=== Begin Enclosure ===
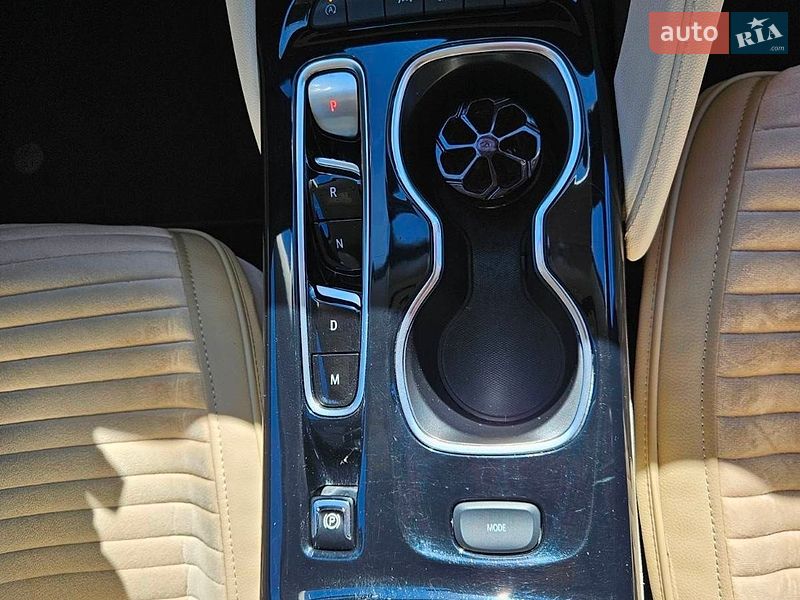 Внедорожник / Кроссовер Buick Envision 2021 в Одессе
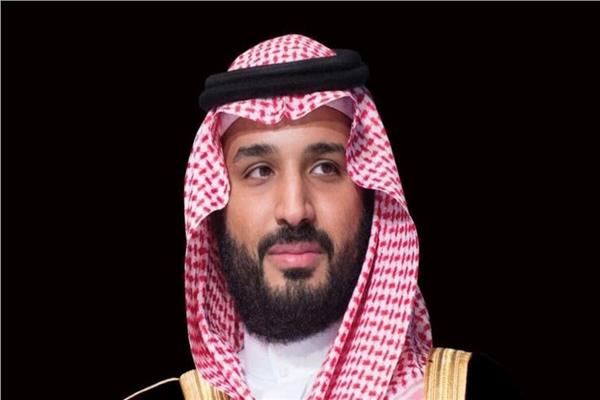 الأمير محمد بن سلمان بن عبدالعزيز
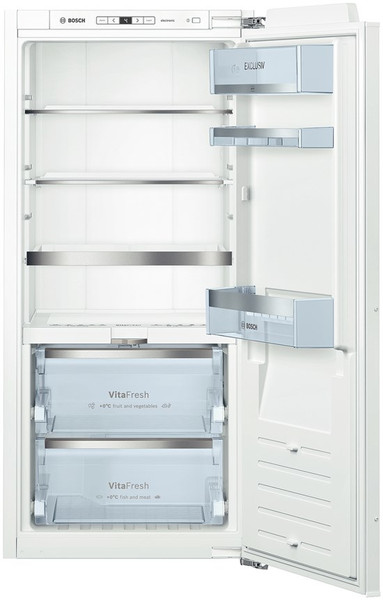 Bosch KIF41ED30 Built-in 187L A++ White refrigerator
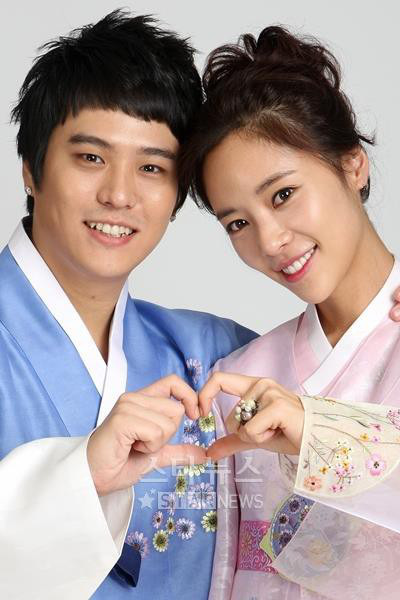 Hwang Jung Eum: Giàu gấp 2 triệu lần nhờ Gia Đình Là Số 1, yêu 10 năm không cưới, cưới sau 6 tháng quen đại gia nhưng đều tan vỡ-3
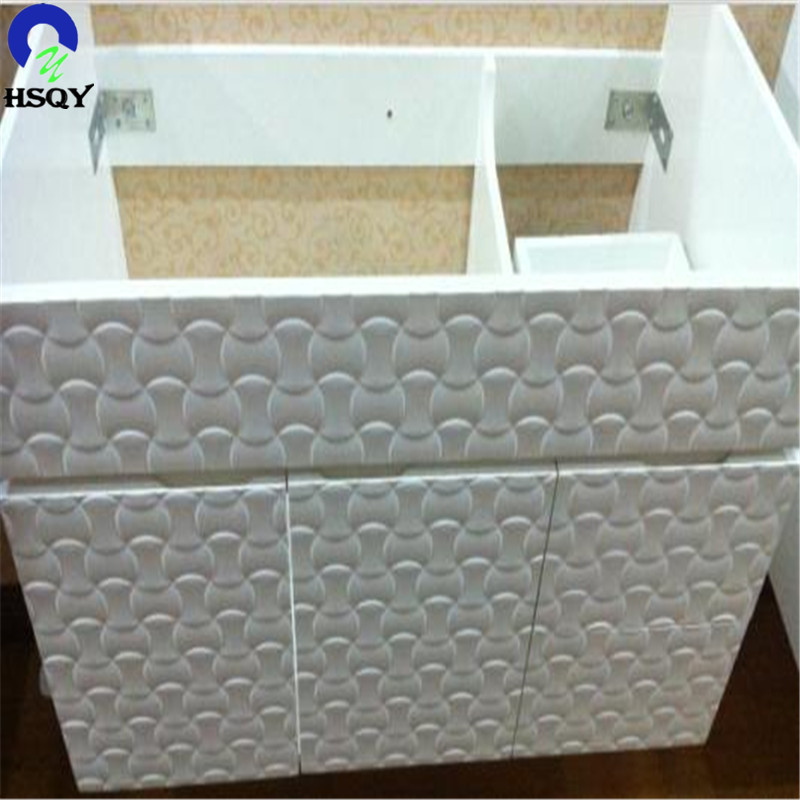 Papan Fokus PVC 8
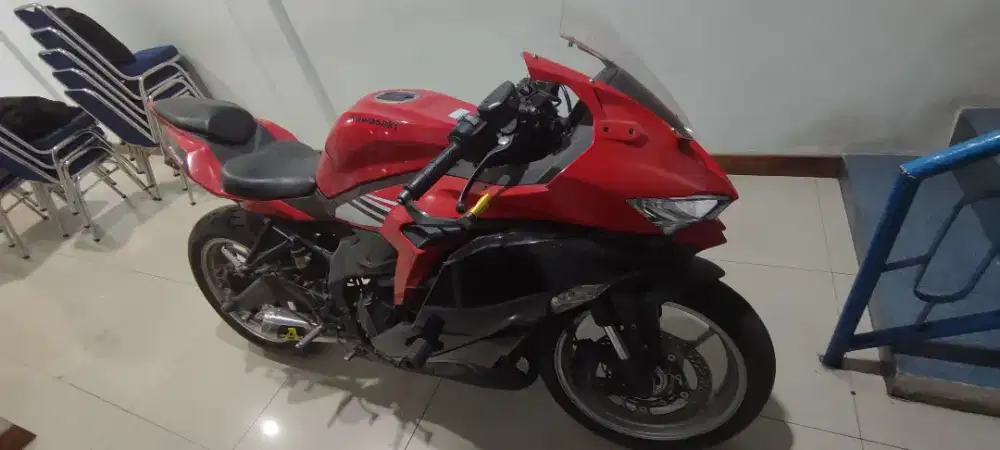 Dijual Ninja Istimewa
=== End Enclosure ===
Give the listing again word for word. Skip any pictures.

 Внедорожник / Кроссовер Buick Envision 2021 в Одессе
 الأمير محمد بن سلمان بن عبدالعزيز
 Bosch KIF41ED30 Built-in 187L A++ White refrigerator
 Hwang Jung Eum: Giàu gấp 2 triệu lần nhờ Gia Đình Là Số 1, yêu 10 năm không cưới, cưới sau 6 tháng quen đại gia nhưng đều tan vỡ-3
 Papan Fokus PVC 8
 Dijual Ninja Istimewa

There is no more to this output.